Bu gösteriler 1 Mayıs’ı izleyen günlerde tüm harareti ile devam etti ve 4 Mayıs’ta kanlı Haymarket Olayı’na yol açtı.
Uygulanan yasal baskılarla bu gösterinin tekrarlanması engellendi. 14 Temmuz-21 Temmuz 1889’da toplanan İkinci Enternasyonal’de Fransız bir işçi temsilcisinin önerisiyle 1 Mayıs gününün tüm dünyada “Birlik, mücadele ve dayanışma günü ” olarak kutlanmasına karar verildi. Zamanla 8 saatlik işgünü birçok ülkede resmen kabul edildi. 1 Mayıs böylece işçilerin birlik ve dayanışmasını yansıtan bir bayram niteliğini kazandı.
Ancak, marjinal örgütler 1 Mayıs’ı hep siyasal olarak kullandı. Siyasi çekişmelere zemin oluşturma derdine düştü. Böyle olunca da yıllarca kanlı 1 Mayıs olaylarına sahne oldu.
Türkiye’de 1923 yılında 1 Mayıs günü yasal olarak “İşçi Bayramı” ilan edildi.
1924`te ise hükümet kitlesel 1 Mayıs kutlamalarını yasakladı.
1925`te çıkan Takrir-i Sükun Yasası, İşçi Bayramını kutlamayı yasakladı ve Türkiye’de uzun yıllar bu yasak geçerliliğini korudu. 1935 yılında 1 Mayıs`a “Bahar ve çiçek Bayramı” adı verildi ve ücretsiz tatil günü ilan edildi.
1977 yılında İstanbul Taksim Meydanı’nda yaklaşık 500 bin kişiyle en geniş katılımlı 1 Mayıs toplantısı düzenlendi.
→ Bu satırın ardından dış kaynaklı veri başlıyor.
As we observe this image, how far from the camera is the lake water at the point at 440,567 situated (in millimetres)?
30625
Ancak, karanlık bir el tarafından göstericilerin üzerine ateş açıldı ve göstericilerden 34’ü, yaralanarak ve üstlerine ateş açılması sonucu çıkan izdihamda ezilerek öldü. 1977 yılının 1 Mayıs günü, tarihe Kanlı 1 Mayıs olarak geçti. Askeri darbe hazırlığı olarak yapıldığı MİT tarafından Başbakan Süleyman Demirel’e rapor edilince, Kara Kuvvetleri Komutanı Namık Kemal Ersun derhal re’sen emekliye sevk edildi.
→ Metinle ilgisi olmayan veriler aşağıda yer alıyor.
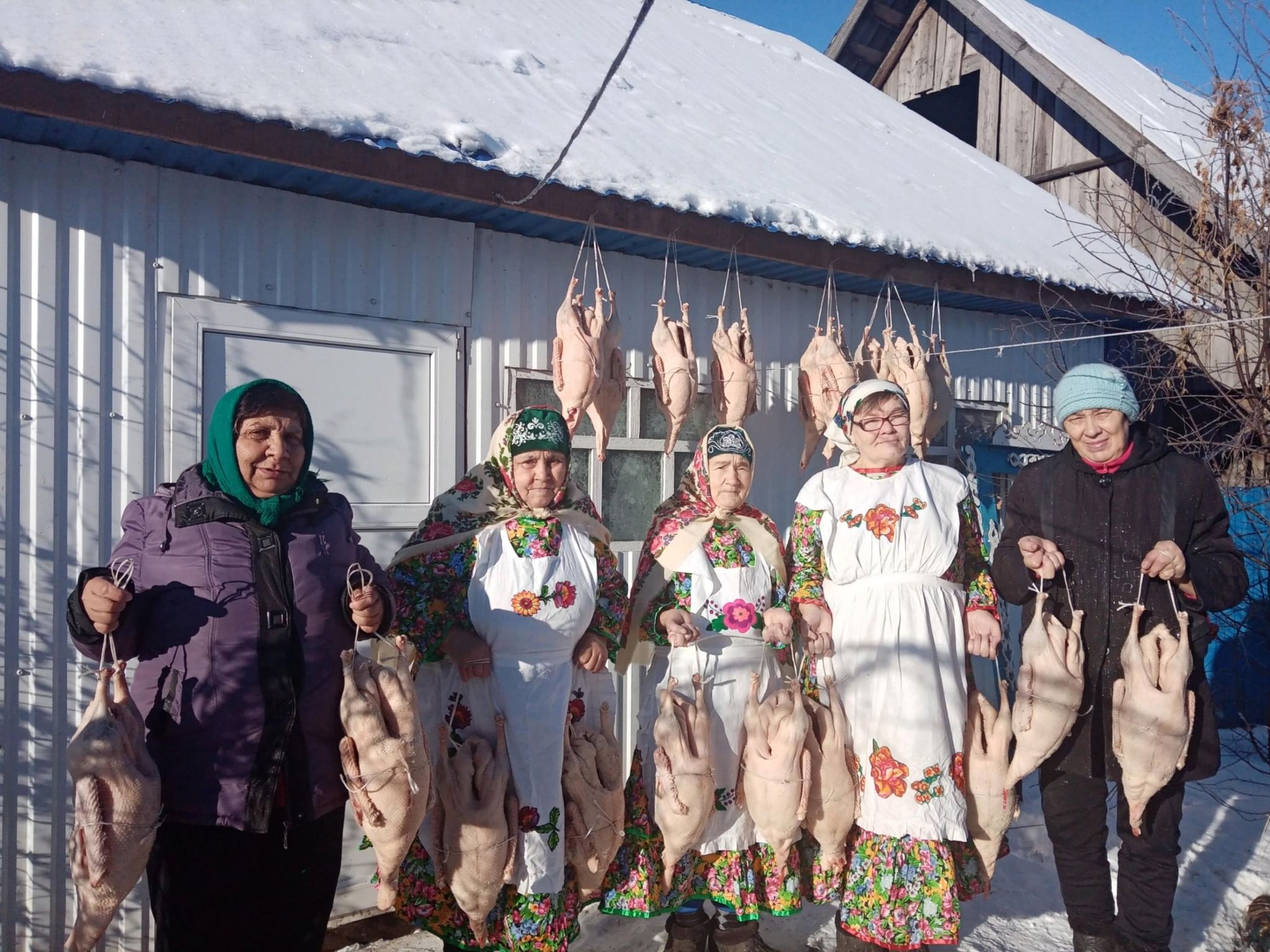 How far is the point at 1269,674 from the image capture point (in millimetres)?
5109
Vesayetçiler daima toplumsal hareketleri kullanırlar. Olayların çıkması bazı kesimlerin işine gelir. Gezi olaylarını hatırlatmıyor mu bu olaylar? Aynen öyle…
Toplumsal olayları kullanarak darbe ile iktidara gelen Milli Güvenlik Konseyi 1 Mayıs’ı resmi tatil günü olmaktan çıkardı.
Yıllardır marjinal solun aşırı sahiplendiği ve siyasal hareketler için kullanılan 1 Mayıs, dönemin Başbakanı Recep Tayyip Erdoğan’ın girişimleri ile Ak Parti iktidarında 22 Nisan 2009 tarihinde TBMM’de kabul edilen yasa ile resmi tatil ilan edildi. Vesayetçi sistemin tamamı ise 16 Nisan referandumu ile millet tarafından ortadan kaldırıldı.
Kölelik düzenini ve ırk ve sınıf ayrımı İslam ile sona ermesine rağmen, İslam’ın toplumsal yaşama dair güzelliklerini görmeyen batıya bunu anlatmak gerek.